06 ottobre 2016 ore 9:02, Adriano Scianca
Yahoo prova a difendersi, ma non convince fino in fondo. Il colosso del web era finito sotto accusa dopo che, attraverso il proprio account Twitter, Edward Snowden, la talpa del Datagate, aveva invitato tutti i clienti di Yahoo a chiudere l’account. La società americana, secondo Reuters, avrebbe raccolto in gran segreto centinaia di milioni di mail dei propri utenti, mettendole a disposizione di Fbi ed Nsa. Non è vero, replica Yahoo. O, meglio, è vero solo un pochino. 
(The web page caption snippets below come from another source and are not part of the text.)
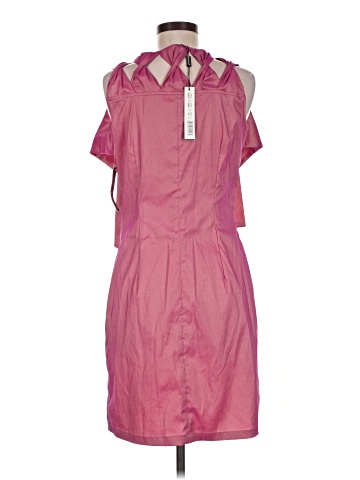 Samuel Dong Cocktail Dress (view 2)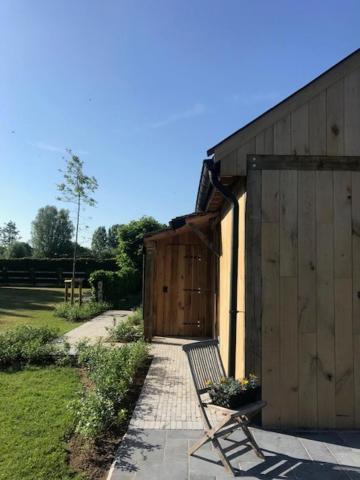 Deurles Moment Sint-Martens-Latem Exterior foto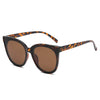 GARLAND | Women Round Cat Eye Sunglasses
La (timida) difesa di Yahoo sulla email spiate. E ora Google gongola
“Si tratta di notizie fuorvianti. Abbiamo sempre usato un criterio restrittivo nel consentire alle autorità di accedere ai dati personali del clienti”, replica l'azienda. Inoltre, spiega Yahoo, “un controllo delle email in entrata come viene descritto nel reportage non esiste nei nostri sistemi”. Cosa manca a questa difesa disperata? Una smentita secca e categorica di aver collaborato con Nsa e Fbi. Lo hanno fatto, ma con attenzione, non “a strascico”. Si tratta di un caso "senza precedenti e incostituzionale", accusa la principale associazione americana per la difesa dei diritti civili, l'American Civil Liberties Union che punta il dito contro il gigante web per non essersi opposto alla richiesta delle agenzie di intelligence federali. "Gli utenti contano sul fatto che le società tecnologiche proteggano i loro diritti e difendano il loro dati di fronte a richieste di spionaggio". 

"A noi non è mai arrivata una richiesta del genere, ma se fosse successo la nostra risposta sarebbe stata solo una: in nessun modo", gongola Google che gestisce il servizio di posta Gmail. Anche Microsoft afferma di non aver mai controllato in massa account email per fornire informazioni agli 007: "Nessun traffico segreto di email come è stato riportato su Yahoo".